SKILLS are being lost and communities left at risk of re-running the “trauma” experienced in Grangemouth, as the creation of clean energy jobs fails to match declining North Sea oil and gas, MPs have warned.
A cross-party Scottish affairs committee report on the future of Scotland’s oil and gas industry, forming the first part of its inquiry into state-owned GB Energy and net zero transition, cited Grangemouth oil refinery’s closure earlier this year as a case study in how jobs and skills were being lost.
It slammed a “lack of action” from both British and Scottish governments which “created an avoidable employment gap and trauma for the local community.”

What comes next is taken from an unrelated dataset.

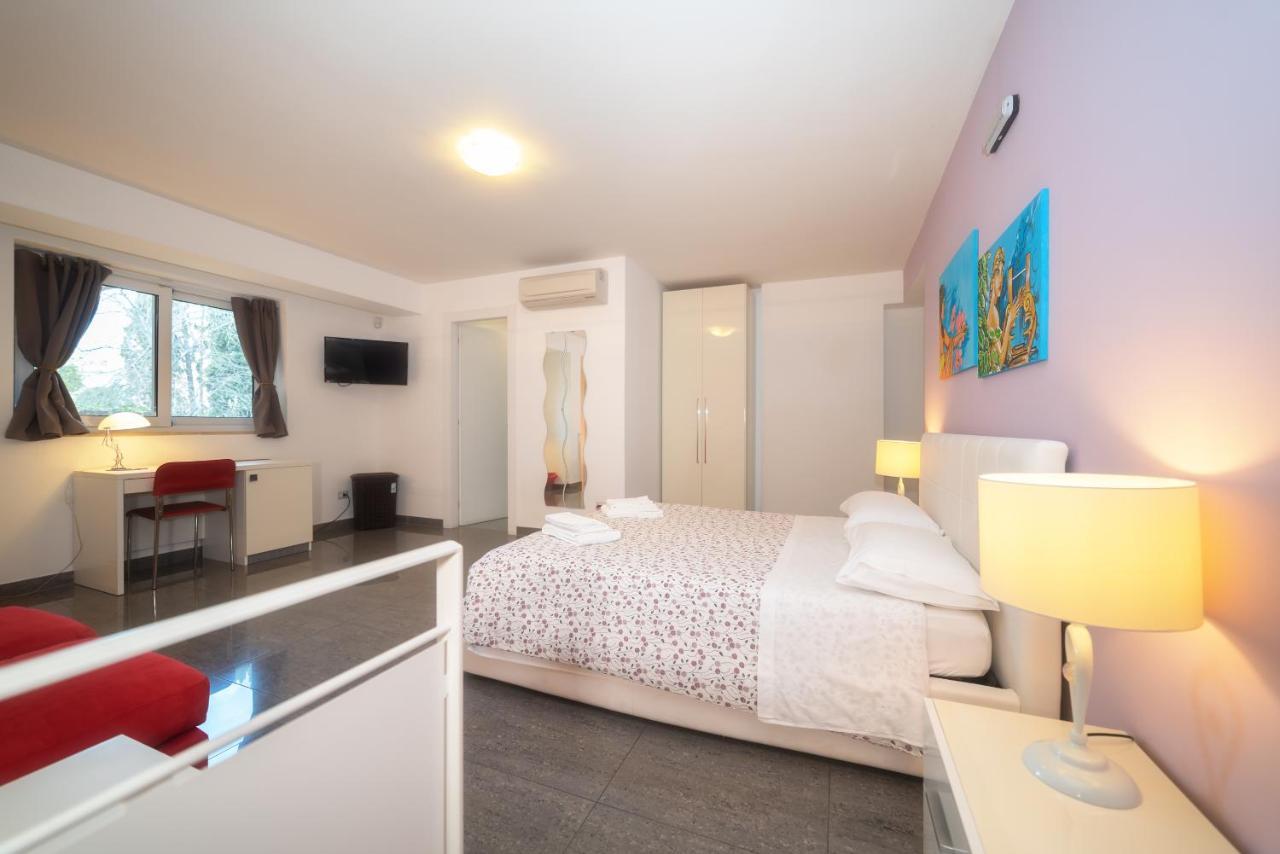 Palazzo Leo Suite And Apartment Lecce Exterior foto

Committee chairwoman Patricia Ferguson urged the government to set out its learning from Grangemouth, to ensure “just transition principles,” which avoid that trauma and promote the vital skills needed to build a clean energy sector being lost overseas.

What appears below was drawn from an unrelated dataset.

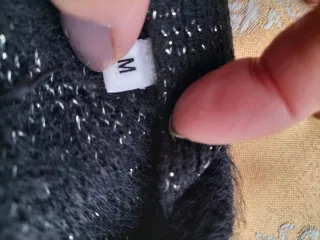 Jersey negro con rombos dorados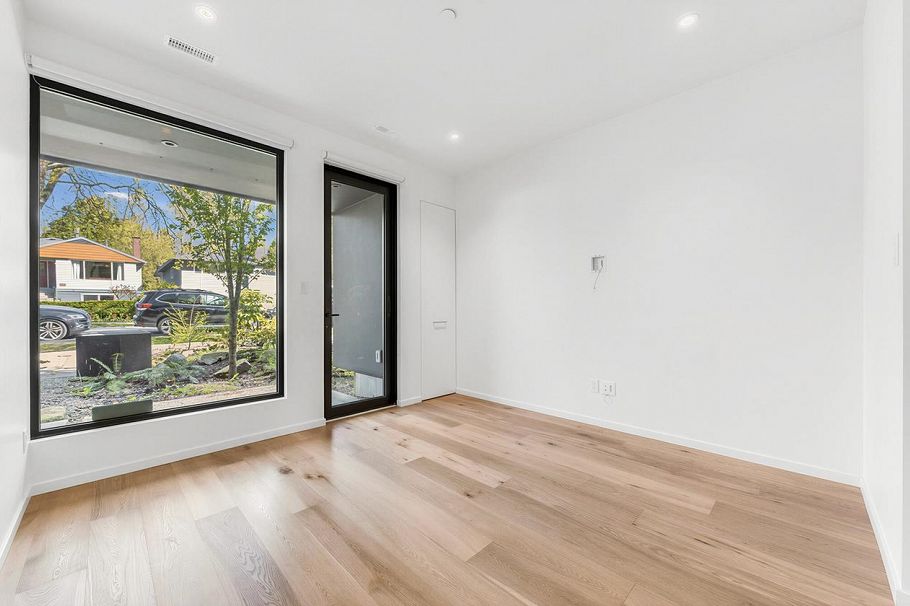 2180 E 13th Avenue Vancouver, BC - 6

She said: “It’s vital that the government moves quickly to plug this employment gap, replace jobs being lost and ensure a smooth energy transition for workers and communities.
“Until this is tackled, the government should avoid making decisions that would further accelerate oil and gas production’s decline.”

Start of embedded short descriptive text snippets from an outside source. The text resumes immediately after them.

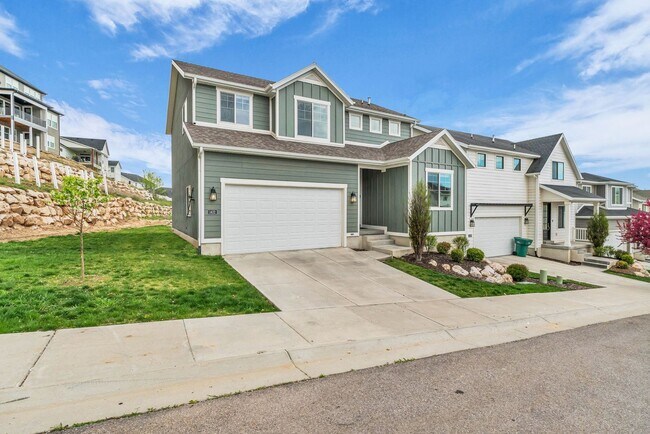 Building Photo - Spacious 6 Bed Home with Dual Kitchens, EV Charging & Modern Finishes in Layton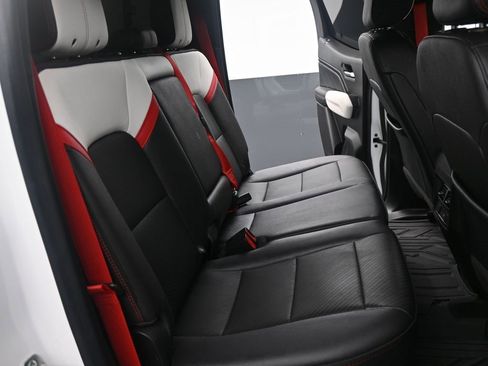 Used 2024 GMC Canyon AT4X image 18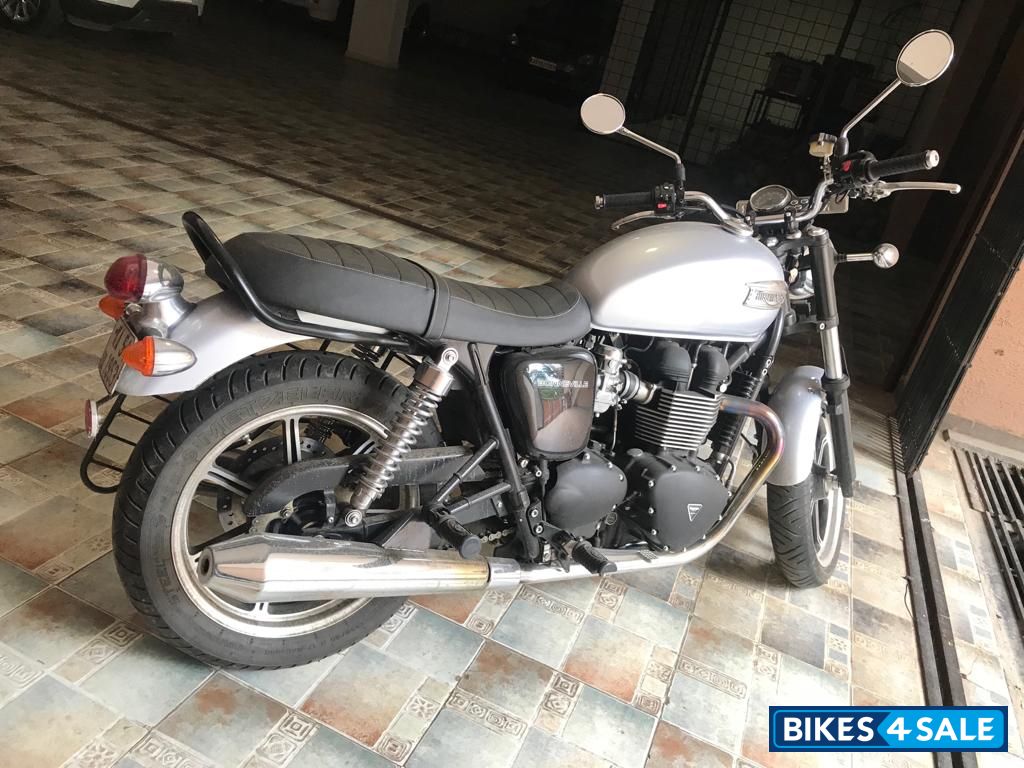 Used 2014 model Triumph Bonneville T100 for sale in Bangalore. ID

Insisting that under the government’s clean energy jobs “Scotland could see over 40,000 new jobs by 2030,” a Department for Energy Security and Net Zero spokesperson commented: “We are not willing to accept the status quo we inherited of the North Sea being in decline.
“This is why we have taken rapid steps to deliver the next generation of good jobs for North Sea workers in a fair and orderly transition, including by making the biggest investment in offshore wind and carbon capture.”